Sensitive Words: “Soviet Jokes”

Sensitive Words: “Soviet Jokes”

Sensitive Words highlights keywords that are blocked from Sina Weibo search results. CDT independently tests the keywords before posting them, but some searches later become accessible again. We welcome readers to contribute to this project so that we can include the most up-to-date information. Use the form at the bottom of this post to help us crowd source sensitive words. You can also browse our archive of sensitive words.

Late last week, a Weibo user broke the news that searches for the term Soviet joke (苏联笑话) are now censored on the microblogging site, with queries yielding the statement “search results are not displayed according to relevant laws, regulations, and policies.” CDT Chinese editors conducted a search test on May 16th confirming that the term has indeed been blocked on Sina Weibo.

The term is likely censored due to the historical context surrounding the rise of political humor in the former Soviet Union and its association with current political conditions in China. In the USSR, political humor allowed individuals to express their dissatisfaction clandestinely in an environment where speech was strictly controlled. This trend that can also be seen in the covert, humorous, and highly creative lexicon that Chinese netizens have developed to comment on and mock politics.

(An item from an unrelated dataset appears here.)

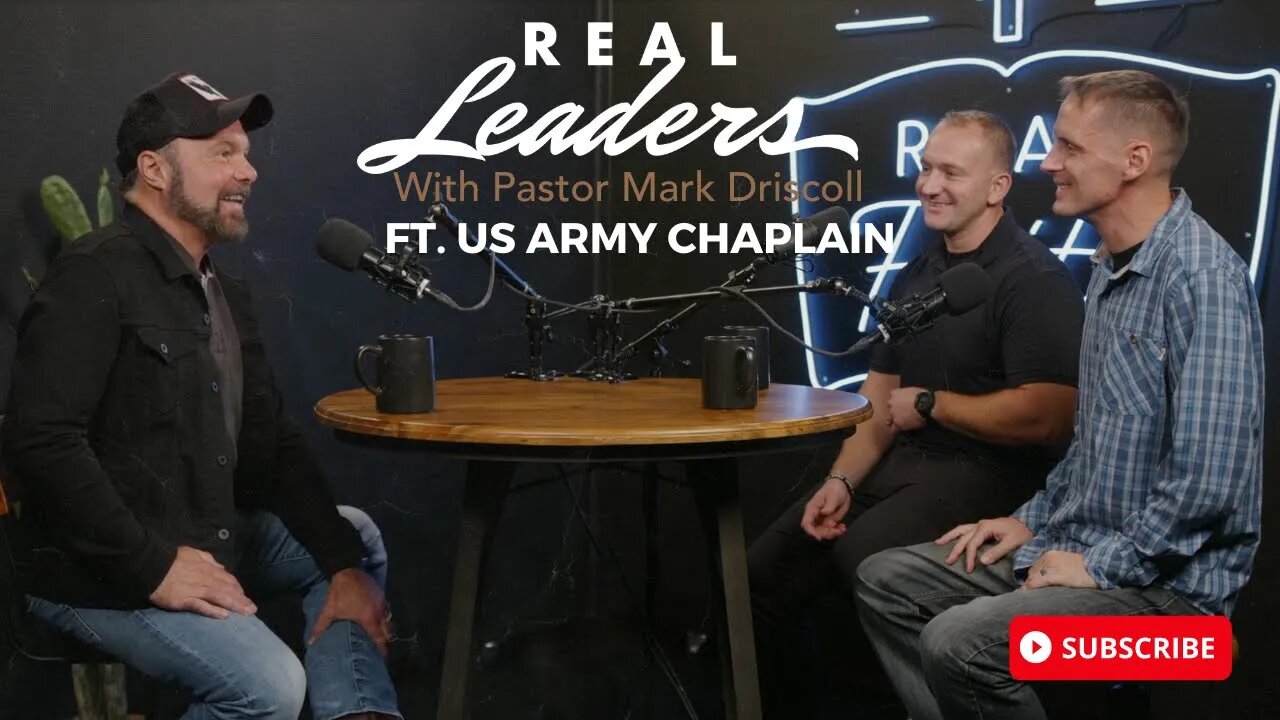 Real Leaders with Mark Driscoll featuring US Army Chaplain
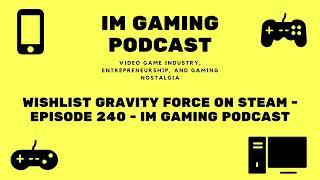 Wishlist Gravity Force on Steam - Episode 240 - IM Gaming Podcast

Because humor can be understood as a form of quiet protest, these jokes were officially forbidden and told at some risk to the individuals doing the telling–in the former Soviet Union, the telling of a political joke could in the worst case scenario yield a ten year prison sentence for “anti-Soviet agitation” under Article 58 of the criminal code. In modern China, we have seen netizens placed in criminal detention for publicly spreading political jokes online. In 2017, for example, a netizen was jailed for 22 months for “picking quarrels and provoking troubles” after mocking President Xi Jinping with the widely-used nickname “Steamed Bun Xi.”